In isolated mitochondria, using buffers of de novo ETC substrates, glutamate/malate and succinate, we found that the control mitochondrial calcium retention capacity (CRC) measurements were 73 ± 11 and 240 ± 5 nmol/mg of mitochondrial protein (n = 6), respectively. These results indicate that application of glutamate/malate, the substrate of complex I, to mitochondria increases the sensitivity of the mPTP opening to calcium overload when compared to succinate, the substrate of complex II. We also found that when glutamate/malate was used to prepare the isolation buffer, addition of either succinate (3 mM) or the ETC intermediate, G3P (3 mM) rescued the mitochondrial CRC, with succinate showing a greater recovery (glutamate/malate, 73 ± 11 versus glutamate/malate+succinate, 183 ± 24 nmol/mg of mitochondrial protein, n = 6, p = 0.002). This recovery was greater than that for G3P (glutamate/malate+succinate, 183 ± 24 versus glutamate/malate+G3P, 150 ± 20 nmol/mg of mitochondrial protein, n = 6) (Figure 4A). On the other hand, when succinate, the substrate of complex II, was used to prepare the isolation buffer, addition of glutamate/malate (3 mM), slightly decreased the CRC (succinate, 240 ± 5 versus succinate+glutamate/malate, 217 ± 11 nmol/mg of mitochondrial protein, n = 6, not significant), while the addition of G3P (3 mM) led to a statistically significant increase in CRC (succinate, 240 ± 5 nmol/mg of mitochondrial protein versus succinate+G3P, 293 ± 8 nmol/mg of mitochondrial protein, n = 6, p = 0.001) (Figure 4B).

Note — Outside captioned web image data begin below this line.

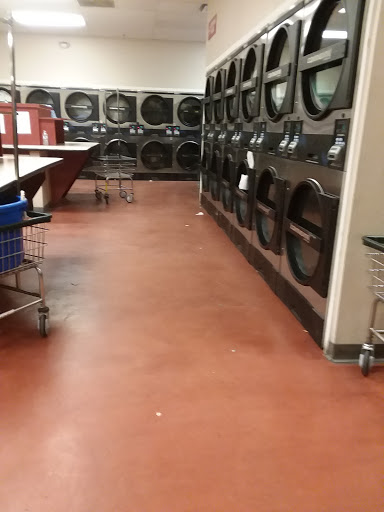 Laundry Service «Sparklean Laundry & Cleaners», reviews and photos, 3301 W Indian School Rd, Phoenix, AZ 85017, USA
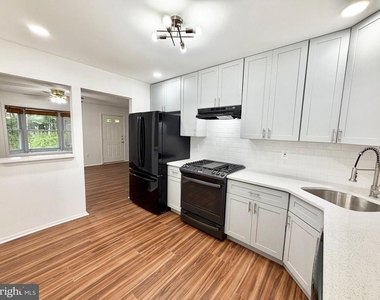 67 Cheverny Court - Photo Thumbnail 4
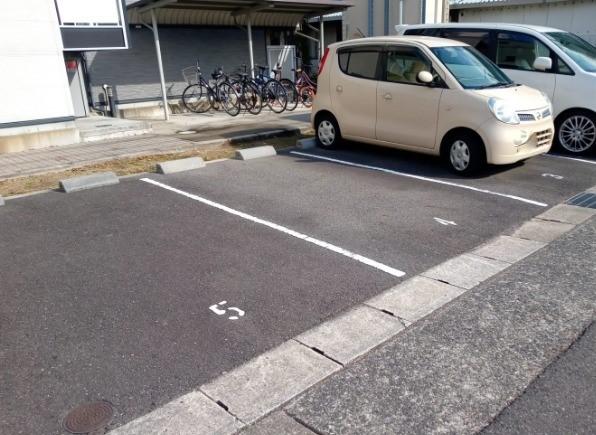 ハイビーノ(44301)の外観・駐車場イメージ1枚目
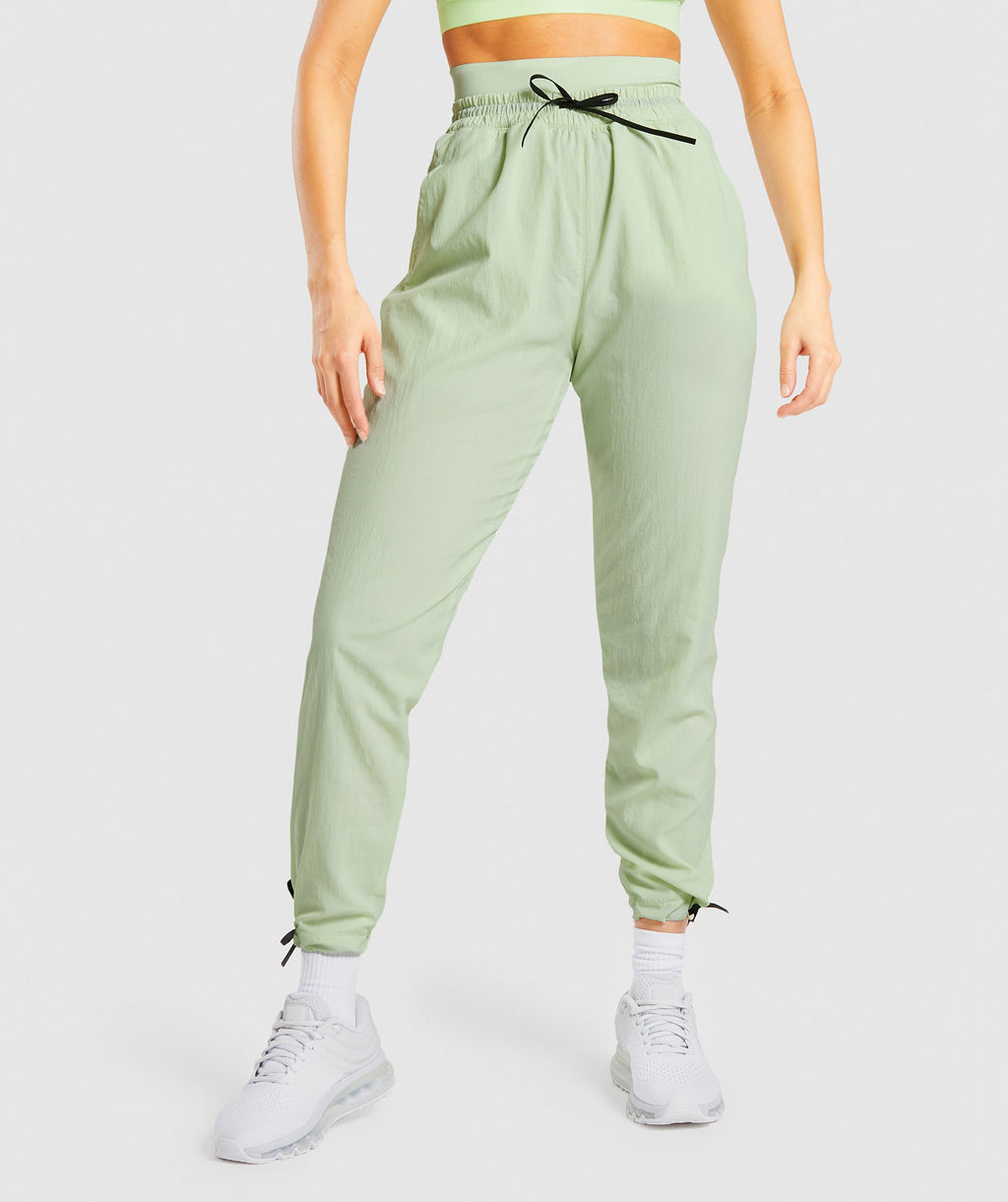 gymshark-cty-joggers-light-green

Use of the less traditional substrate, G3P as buffer (5 mM) resulted in poor CRC (G3P, 33 ± 4 nmol/mg of mitochondrial protein), which was only aided by addition of 3 mM of the more commonly used ETC substrates glutamate/malate (G3P+glutamate/malate, 120 ± 20 nmol/mg of mitochondrial protein, n = 6, p = 0.002 versus G3P control) and succinate (G3P+succinate, 193 ± 16 nmol/mg of mitochondrial protein, n = 6, p < 0.0001 versus G3P control) (Figure 4C).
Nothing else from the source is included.